Die Stoffwechselstörung Diabetes gilt seit Längerem als Volkskrankheit. Waren es 1980 in ganz Deutschland etwa 3,4 Millionen Betroffene, ist die Zahl im Jahr 2014 laut der "Handelskrankenkasse" auf etwa 5,1 Millionen gestiegen. Zwar schneidet Deutschland mit dieser vergleichsweise gemäßigten Steigerung im internationalen Vergleich gut ab. Weltweit stieg die Zahl der Erkrankten im selben Zeitraum von 108 Millionen auf etwa 422 Millionen.

"Diabetes mellitus" ist eine Stoffwechselerkrankung, bei der die Regulierung des Blutzuckerspiegels gestört ist.

Lediglich bei rund 300.000 Menschen in der Bundesrepublik ist eine angeborene Autoimmunkrankheit (Typ 1) Ursache für die diagnostizierten Fälle. Bei mehr als sechs Millionen Menschen ist dagegen ein Wechselspiel aus Fehlernährung, Bewegungsmangel und genetischen Anlagen der Grund für erkannte Erkrankungen (Typ 2). Jedes Jahr kommen in Deutschland rund 300.000 Typ-2-Diagnosen hinzu.

Die "Zuckerkrankheit", wie viele die Stoffwechselstörung nach wie vor verharmlosend bezeichnen, ruiniert auf Dauer den Körper.

Ein normales Körpergewicht und eine gesunde Ernährung können das Risiko einer Erkrankung senken.
Ein normales Körpergewicht und eine gesunde Ernährung können das Risiko einer Erkrankung senken.  © Patrick Pleul/dpa-Zentralbild/ZB

Das Klischee kann durchaus in die Irre führen: "Nicht jeder Dicke wird zuckerkrank, und nicht jeder Schlanke ist davor geschützt", erklärt Norbert Stefan, Diabetesforscher am Universitätsklinikum Tübingen.

Solche Klischees führen aus der Sicht vom Diabetesforscher dazu, dass Diabetes und vor allem ihre Vorstufen in Deutschland oft unentdeckt und unterschätzt bleiben.

Für Vorstufen gibt es messbare Signale wie zu hohe Blutzucker-, Blutfett- und Blutdruckwerte.

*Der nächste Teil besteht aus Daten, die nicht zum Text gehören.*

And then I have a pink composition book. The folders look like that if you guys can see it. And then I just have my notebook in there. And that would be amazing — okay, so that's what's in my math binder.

Laut der Nachrichtenplattform "Hamburger Abendblatt" sei besonders hohes Übergewicht bzw. Adipositas (Fettleibigkeit) ein ausschlaggebender Faktor für die Entstehung von Diabetes Typ 2. Denn das Übergewicht kann die Insulinempfindlichkeit in den Muskeln, der Leber und im Fettgewebe verringern. Das bedeutet, Insulin kann nicht mehr so gut wirken, sodass der Zucker im Blut nicht mehr ausreichend abgebaut werden kann.

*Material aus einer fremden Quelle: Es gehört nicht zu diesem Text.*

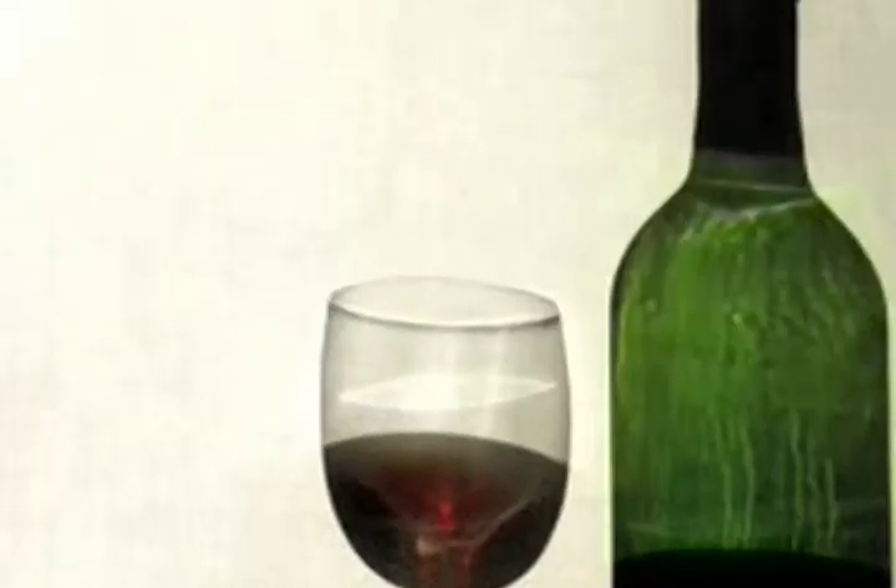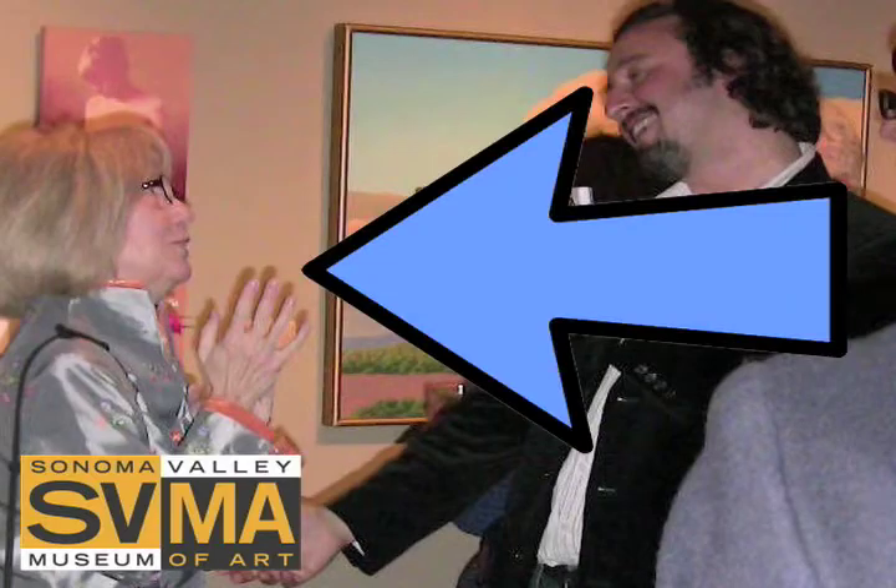The last thing I want to do after filing stories and producing online content all day is go to an event where I'm expected to write stories and produce online content about it — unless there's wine involved or it's for someone I admire. In this case, it's both.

Ein normales Körpergewicht kann das Risiko einer Erkrankung senken. Ob das eigene Körpergewicht im Normalbereich liegt, lässt sich beispielsweise mit dem Body-Mass-Index (BMI) bestimmen.

Umfangreiche Aufklärung, rechtzeitige Diagnosen und eine gute Versorgung erlauben Menschen mit Diabetes ein Leben mit so wenigen Einschränkungen wie möglich.

Die Diagnose Diabetes bedeutet immer einen Wandel im Leben der Betroffenen. Typ 1 Diabetiker müssen fortan Insulin spritzen, Typ 2 Diabetiker werden sich zumindest auf einen neuen Lebensstil mit mehr Bewegung und gesunder Ernährung umstellen müssen.

Die Diagnose stellt dennoch eine Chance dar. Denn bei entsprechendem Vorgehen können viele Patienten ihren Stoffwechsel verbessern, die Symptome oft deutlich lindern und somit mehr Lebensqualität gewinnen.